● Information provided:
%%

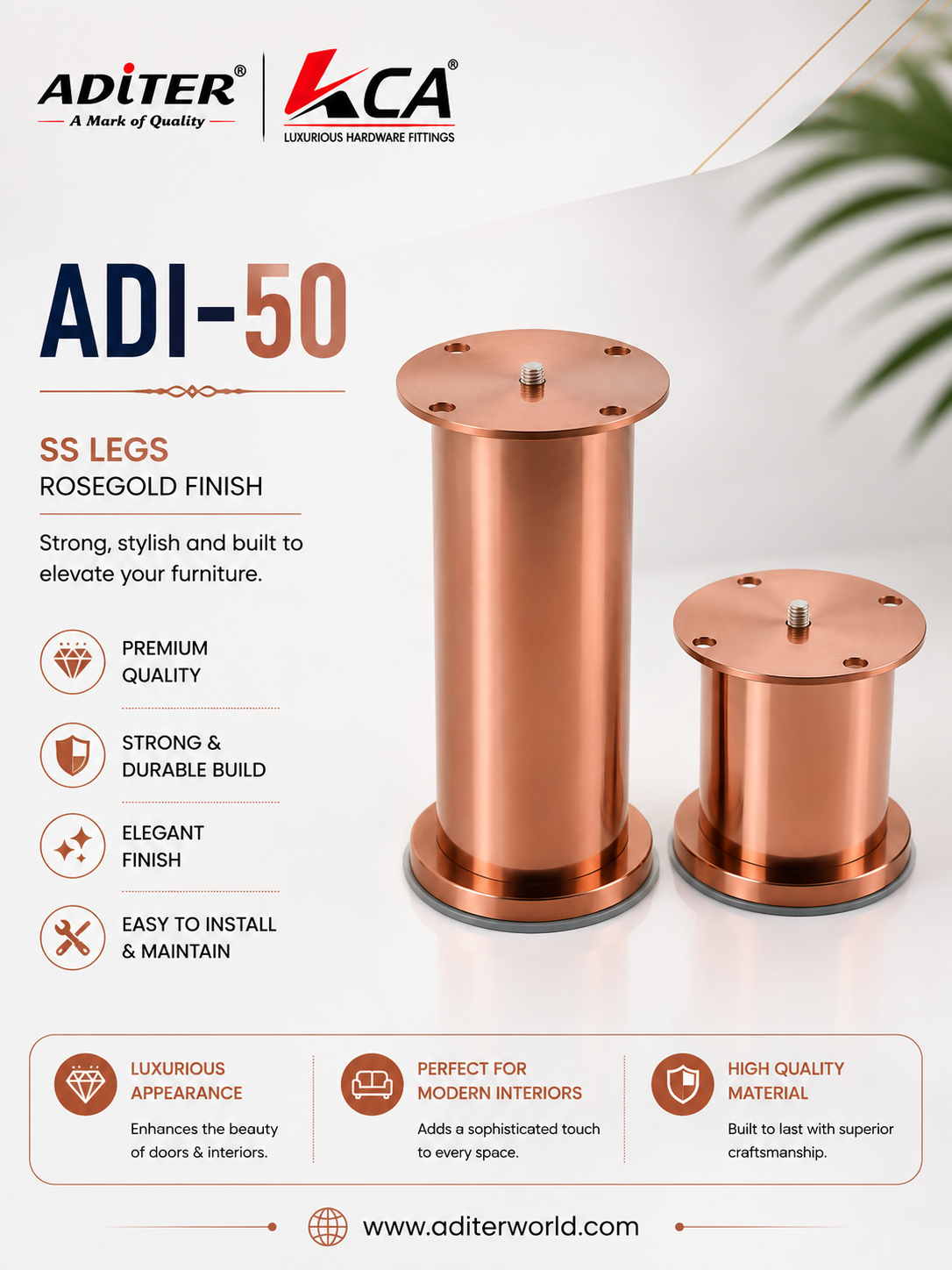 ADI-50 ROSEGOLD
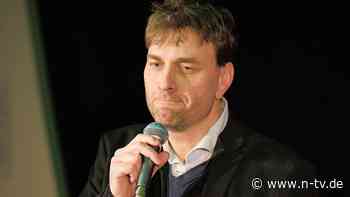 Vorwürfe offenbar haltlos: Kreisverband der Grünen will Gelbhaar keine zweite Chance geben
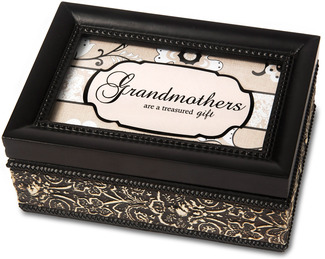 Grandmother by Modeles - 4" x 6" Music Box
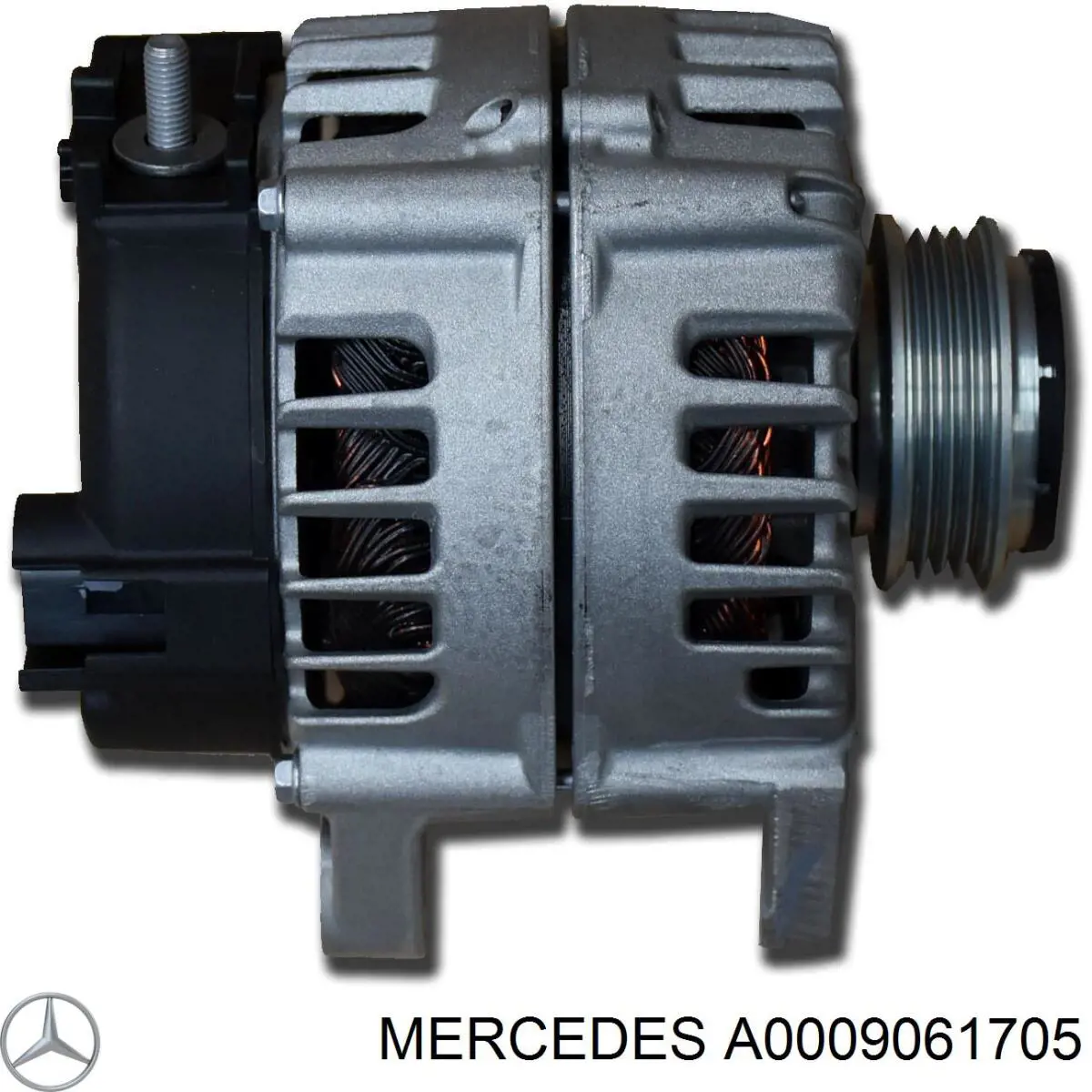 Генератор Mercedes A0009061705 ціна, від 268.06 USD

%%

● What to work on:
Repeat the material above in full and unchanged, minus its images.

● Written answer:
 ADI-50 ROSEGOLD
 Vorwürfe offenbar haltlos: Kreisverband der Grünen will Gelbhaar keine zweite Chance geben
 Grandmother by Modeles - 4" x 6" Music Box
 Генератор Mercedes A0009061705 ціна, від 268.06 USD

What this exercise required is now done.